Dans la plupart des cas de syndrome de microphtalmie de Lenz, les hommes atteints peuvent présenter un retard léger à sévère dans l’atteinte de certains jalons de leur développement (par exemple, ramper, s’asseoir, marcher, etc.). Les hommes affectés peuvent également présenter un retard mental allant de léger à grave.
La plupart des nourrissons atteints du syndrome de microphtalmie de Lenz présentent également des anomalies physiques supplémentaires, telles que des malformations de la tête et de la région du visage (craniofaciale). Ceux-ci incluent généralement une tête anormalement petite (microcéphalie) et des malformations des oreilles et des dents. Chez la plupart des nourrissons atteints de ce trouble, les oreilles sont évasées vers l'avant (antéversées) et les lobes de l'oreille peuvent être anormalement grands. Cependant, dans certains cas, les oreilles peuvent être anormalement petites et sous-développées (hypoplasiques). Une déficience auditive peut être présente dans certains cas. Les dents peuvent être très espacées ou anormalement serrées. De plus, les incisives peuvent être absentes (agénésie) ou malformées. Dans certains cas, les mâles atteints peuvent également présenter une fermeture incomplète du toit de la bouche (fente palatine) et / ou une gorge verticale dans la lèvre supérieure (fente labiale).

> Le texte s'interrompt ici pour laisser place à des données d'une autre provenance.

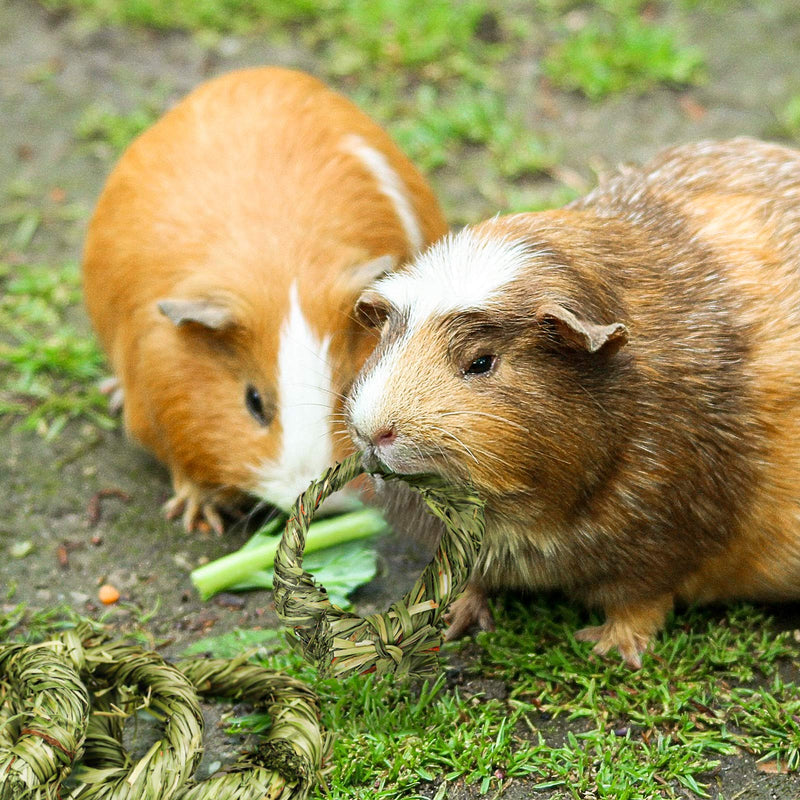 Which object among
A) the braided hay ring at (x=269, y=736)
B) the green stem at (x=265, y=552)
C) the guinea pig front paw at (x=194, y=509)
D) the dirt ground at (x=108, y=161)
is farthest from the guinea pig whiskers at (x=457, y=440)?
the guinea pig front paw at (x=194, y=509)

La plupart des hommes atteints de la maladie présentent également des anomalies du squelette. Ceux-ci peuvent inclure une courbure latérale et avant-arrière de la colonne vertébrale (cyphoscoliose), des épaules étroites et / ou inclinées, des clavicules sous-développées (clavicules hypoplasiques) et / ou une cage thoracique «en forme de tonneau» (cage thoracique).
De plus, les nourrissons atteints du syndrome de microphtalmie de Lenz présentent souvent des malformations des doigts et / ou des orteils (doigts). Ils peuvent être anormalement courbés (clinodactylie), en flexion permanente (camptodactylie) et / ou palmés ou soudés (syndactylie). Dans certains cas, des doubles pouces peuvent également être présents.

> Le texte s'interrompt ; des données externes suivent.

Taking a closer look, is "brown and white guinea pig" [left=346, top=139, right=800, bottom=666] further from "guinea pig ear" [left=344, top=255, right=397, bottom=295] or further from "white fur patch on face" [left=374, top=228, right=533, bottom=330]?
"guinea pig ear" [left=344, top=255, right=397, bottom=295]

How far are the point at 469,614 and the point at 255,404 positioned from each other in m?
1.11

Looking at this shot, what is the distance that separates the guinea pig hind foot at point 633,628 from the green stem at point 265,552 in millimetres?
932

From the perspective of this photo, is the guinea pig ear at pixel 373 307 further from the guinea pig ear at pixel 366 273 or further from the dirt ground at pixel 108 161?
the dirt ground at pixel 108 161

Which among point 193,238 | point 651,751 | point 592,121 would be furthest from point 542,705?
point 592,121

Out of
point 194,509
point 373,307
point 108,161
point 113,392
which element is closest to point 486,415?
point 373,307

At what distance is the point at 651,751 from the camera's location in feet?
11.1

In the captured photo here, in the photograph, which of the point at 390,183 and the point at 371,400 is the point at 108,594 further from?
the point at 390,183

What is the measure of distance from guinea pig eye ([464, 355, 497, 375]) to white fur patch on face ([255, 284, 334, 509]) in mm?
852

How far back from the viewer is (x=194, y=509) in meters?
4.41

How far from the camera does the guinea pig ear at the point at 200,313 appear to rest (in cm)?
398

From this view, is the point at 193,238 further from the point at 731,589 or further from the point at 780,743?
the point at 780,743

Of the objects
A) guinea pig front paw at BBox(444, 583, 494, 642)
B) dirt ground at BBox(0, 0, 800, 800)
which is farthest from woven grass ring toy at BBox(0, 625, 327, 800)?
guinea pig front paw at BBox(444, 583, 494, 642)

Environ la moitié des hommes affectés peuvent également présenter des anomalies des systèmes reproducteur et urinaire (génito-urinaire). Ces malformations peuvent inclure l’échec des testicules à descendre dans le scrotum (cryptorchidie), la mise en place de l’ouverture urinaire (méat) sur le dessous du pénis (hypospadias) et / ou le sous-développement (hypoplasie) ou l’absence de rein (agénésie rénale). ).
Les femmes qui portent un seul exemplaire du gène de la maladie responsable du syndrome de microphtalmie de Lenz (porteurs hétérozygotes) peuvent présenter certains des symptômes associés à la maladie. Ces symptômes sont moins graves que ceux associés au trouble pleinement exprimé. Ces femelles hétérozygotes peuvent présenter des anomalies des doigts et / ou des orteils (anomalies numériques), une tête inhabituellement petite (microcéphalie) et / ou une petite taille.